Goldcorp has a 37.5% share in Alumbrera, which is operated as a joint venture with Xstrata and Toronto-based Yamana Gold. It was Goldcorp's biggest source of earnings outside of Canada in 2010.
However, unlike many other corporate donations, Alumbrera's contributions are mandated by Argentinian law, in order to distribute a greater share of its to civil society. See: Argentina: Academics reject corporate miner's handouts
It is not clear what will happen to those portions of this corporate funding that has now been rejected by some Argentinian academics.
Will they revert to YMAD (a body made up of the national government, the provincial government of Catamarca and the National University of Tucumán)?
Or will those academic institutions, which haven't taken a stand against Alumbrera's munificence, now get more than they did before?
What is also not clear is whether the dissident students and teachers want the company's activities to be closed down altogether.
If so, it will surely accuse them of wanting to deny poorer, less privileged, citizens the benefits of social programmes being funded from mining revenues.
[Comment by Nostromo Research, 10 April 2011]
A historic act: Faculty of Philosophy and Letters rejects funds from Alumbrera Mining company in Tucumán, Argentina
By Esteban Stanich
19 March 2011
For the first time, a faculty at the National University of Tucumán has decided to no longer accept any kind of funding from the Alumbrera Mining company, [jointly owned by Xstrata, Yamana Gold and Goldcorp]. The faculty becomes one of more than twenty academic units across the country that have already turned down money from this company, which faces lawsuits for environmental violations. The faculty proposes that the university end its relationship with the company.

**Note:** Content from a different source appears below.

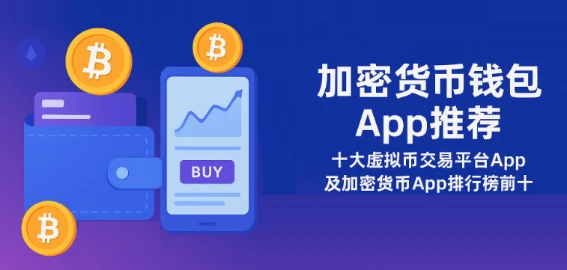 加密货币钱包App推荐 | 十大虚拟币交易平台App与加密货币App排行榜前十名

The backlash against open-pit mining operations is spreading among all sectors linked with this activity, including those who affected by its social and environmental impacts, as well as from diverse sectors into which it has its tentacles. Yesterday morning, despite opposition from Rector Judith Casali de Babot, the Board of Directors of the faculty of Philosophy and Letters at the National University of Tucumán made an unprecedented decision to take a stand against the pro-mining policy of the University and to refuse to accept any type of funding from the Alumbrera Mining company.
Based on a proposal from student councilor Natalia Armendariz, the majority on the council decided to support this proposal to reject funds that the multinational mining company provides to UNT and that are then distributed to the various departments. "Philosophy and Letters has the autonomy to reject money from the Alumbrera Mining company, beyond the decision of UNT to do otherwise. We don't want to receive any more money from an activity that is condemned by the environmental damage that it causes, nor de we want to participate in the general corruption taking place in the management of these funds. The only funds that will be received are those that genuinely come form the university and that don't have any thing to do with mining," Armendariz affirmed first hand.
In a parallel way, the Board of Directors approved a second motion that will be dealt with by the Superior Council of the UNT next Tuesday recommending that the decision of Philosophy and Letters be extended to the whole university.
According to Law #14.771, national universities receive money from the earnings of the Alumbrera Mining company. The norm dictates that 20% of the company's earnings should go to the Waters of Dionisio Mining Deposits company (YMAD), which distributes 60% of this amount to the province of Catamarca, another 20% to the University of Tucumán and another 20% to the remainder of the universities. YMAD holds the mining rights to copper, gold and molybdenum in the area known as Bajo de la Alumbrera. The meeting of the board of directors of the faculty of Philosophy and Letters took place in the Physical Education faculty given that their own amphitheatre was damaged in February.
According to Armendariz, the Council further agreed to wait on any improvements to the faculty's building until the causes of its poor state of repair are determined, the origin of the funds that will remodel the building identified and the work plan made known. In addition to the faculty of Philosophy and Letters, three universities and twenty-seven academic faculties from across the country have rejected funds from the mining company. Among them are Psychology, Philosophy and Humanities and Law at the University of Córdoba; the faculties of Social Work, Engineering, Educational Sciences, and Food Studies at the National University of Entre Ríos; the faculty of Social Sciences at the University of Buenos Aires; and the University of Río Cuarto, as well as others.